UNITED NATIONS, Feb 8 (Reuters) - Former child soldiers in southern Sudan are failing to settle back into their communities and instead are picking up guns to fight again, a U.N. official said on Thursday.

Radhika Coomaraswamy of Sri Lanka, the special envoy for children and armed conflict, visited Sudan late last month.

"We were seeing the phenomenon of children not being re-integrated fully into their communities and actually coming back to the armed forces -- a remobilization," she said.

UNICEF, the U.N. children's agency, had helped demobilize several thousand child soldiers in southern Sudan since 2001.

She said the agency would conduct a study in the southern Sudanese capital Juba on child soldiers and the services needed in the region, devastated by decades of civil war, to help them reintegrate.

"We met a lot of young people, orphans and all, and many of them want to get back into the fighting," Coomaraswamy told a news conference.

"They want to get back into the armed forces because they are used to carrying a gun, they have social status with a gun and they just can't get back into their communities."
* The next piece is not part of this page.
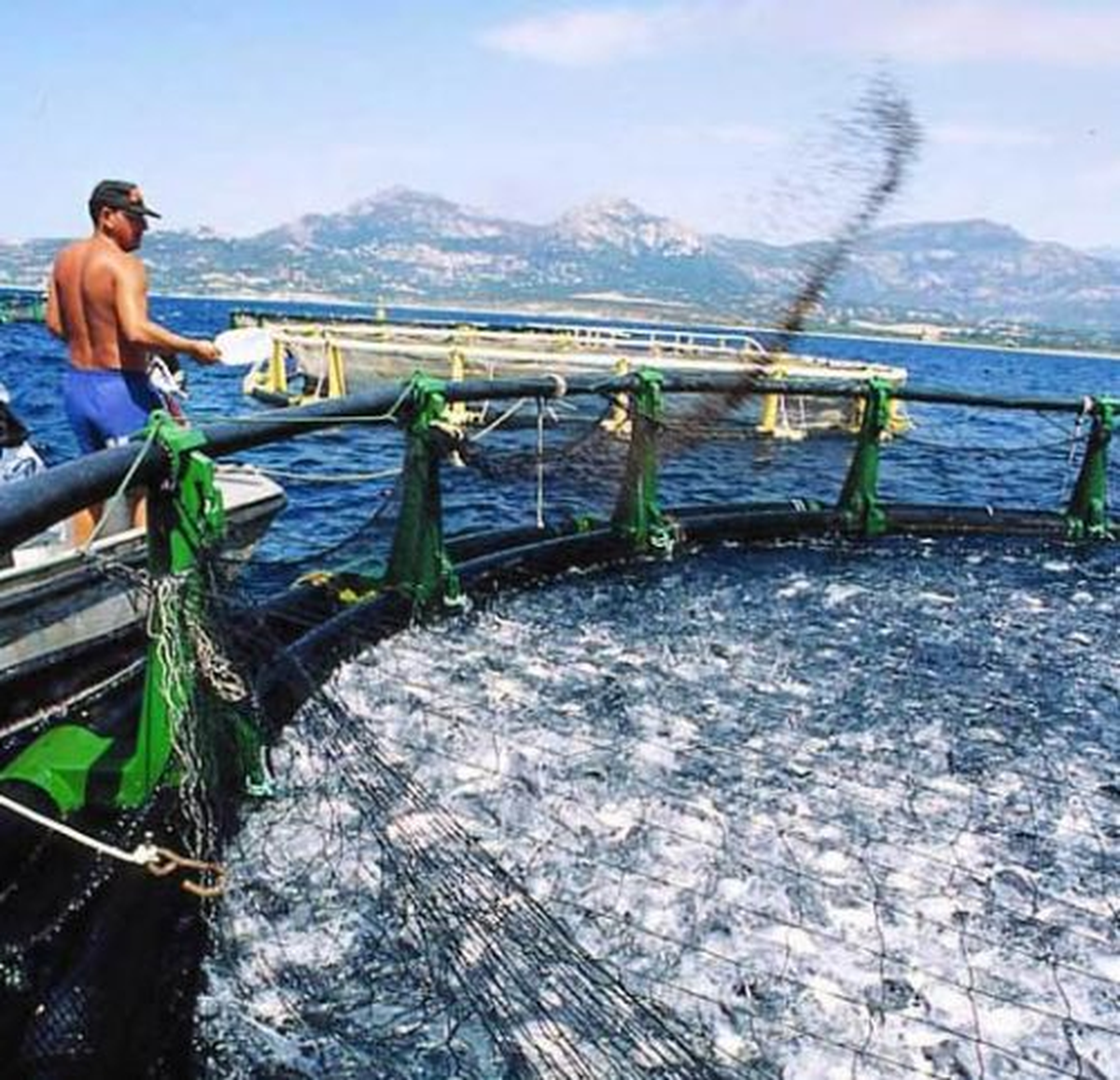 Su Ürünleri Üretimi 2012 Yılında Yüzde 8.34 Azaldı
A peace deal was signed in January 2005 to end two decades of civil war in the South but has yet to be fully implemented.

"Unless you build the community in Juba, unless you actually have education, sport, recreation for the community in Juba, these children are not going to go back," Coomaraswamy said.

A report by Secretary-General Ban Ki-moon last week said children were being recruited by militia groups and the southern Sudan defense forces. Moreover the brutal Ugandan Lord's Resistance Army has not yet released women and children it abducted in southern Sudan.

A report on Monday by British-based Save the Children accused Sudanese government forces of recruiting children as young as 8 in the South of the country, while over 8,000 children were still being used in rebel and militia groups across West Africa.